# Amazing Footage of Bear



## cougartex (Jan 2, 2010)

Wow.

YouTube - Bear in my stand


----------



## dosborn (Apr 17, 2009)

Had I been in that stand, that bear would have been shot when it grabbed the tree.

Way too close.


----------



## BeefyBeefo (Jan 30, 2008)

Wayyyyyyyyyyyyyy too close!! :buttkick:


----------



## DJ Niner (Oct 3, 2006)

dosborn said:


> Had I been in that stand, that bear would have been shot when it grabbed the tree.
> 
> Way too close.


I wouldn't have let it get THAT close without taking some kind of action. I've seen black bears go up a tree trunk quicker than a squirrel; he would have got a warning pistol shot into the ground when he was about 10-20 feet from the base of the tree.

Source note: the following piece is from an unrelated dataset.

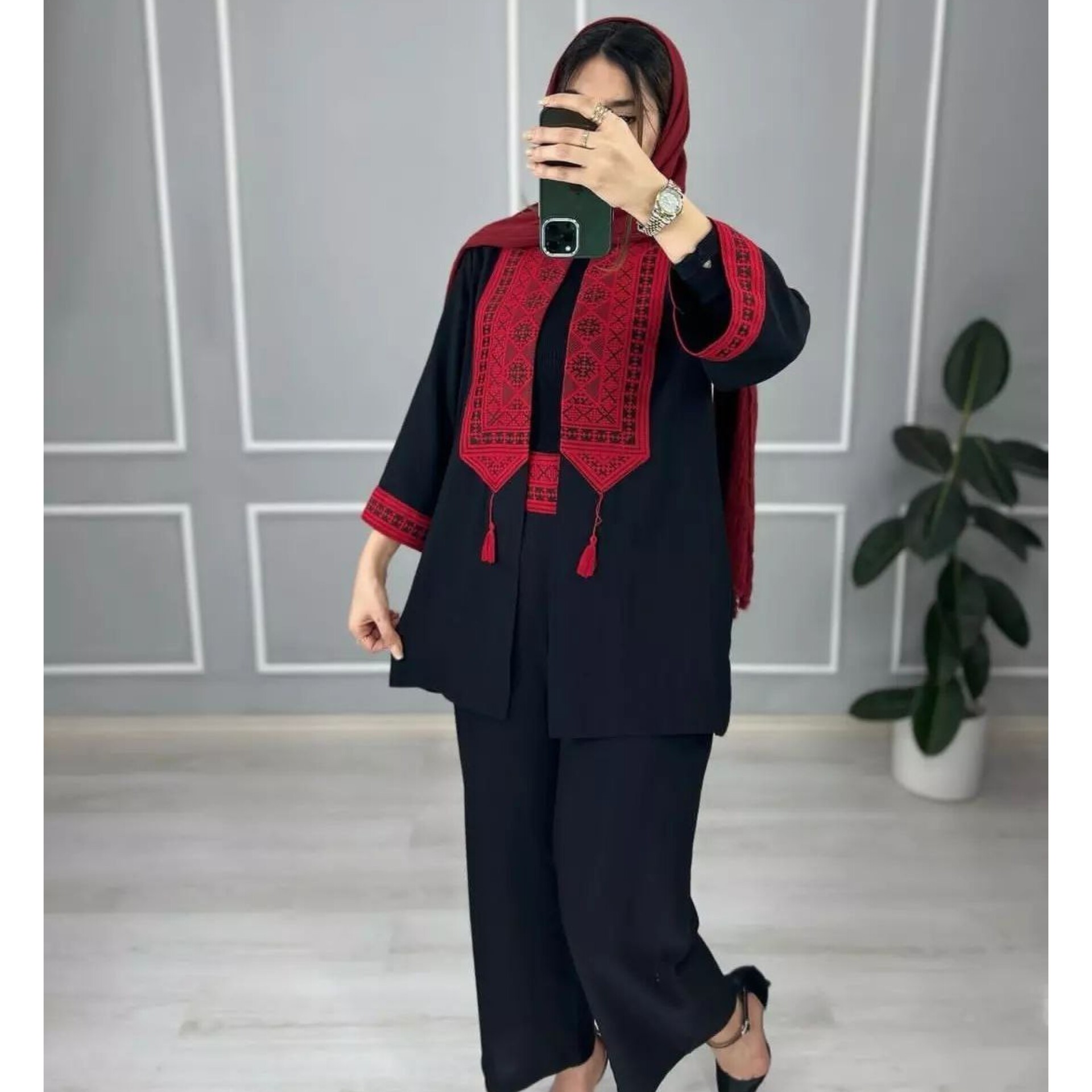 مانتو شلوار ابروبادی کرشمه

He never would have gotten all the way up into my stand anyway, not with all that yellow and brown stuff falling on his head... :mrgreen:

But now I know why they make those platforms and seats out of wire mesh. So they drain and dry-out promptly. :anim_lol:


----------



## Kharuger (Jun 19, 2010)

Wow, That's the best nature-video I've seen in awhile...


----------



## SigZagger (Aug 16, 2006)

Help me understand something. Is that guy filming the bear the baddest, meanest, toughest, nothing scares me hunter, or is he insane? The bear was well past me safe comfort zone. That guy should work (and get paid) for NatGeo filming wildlife.


----------



## DJ Niner (Oct 3, 2006)

One vote here for insane.

Or really, REALLY laid-back. Tranquilized-type. TOO calm.

Maybe there was just a ready-to-go shotgun we couldn't see in the vid. :mrgreen:


----------



## falchunt (May 8, 2009)

All I can say to the camera man is _touche_....I wouldn't have been able to stay as calm as he did...although I am betting it wasn't his first time looking into the eyes of a bear.


----------



## Bisley (Aug 24, 2008)

I'm guessing the bow is all he had, else he would have put a bullet between his eyes. 

If all I had was a bow, I'm thinking I would not have wanted to risk shooting him, especially from an awkward shooting stance. Not that he couldn't kill the bear, but the bear could have put a good deal of hurt on the guy before he bled out. 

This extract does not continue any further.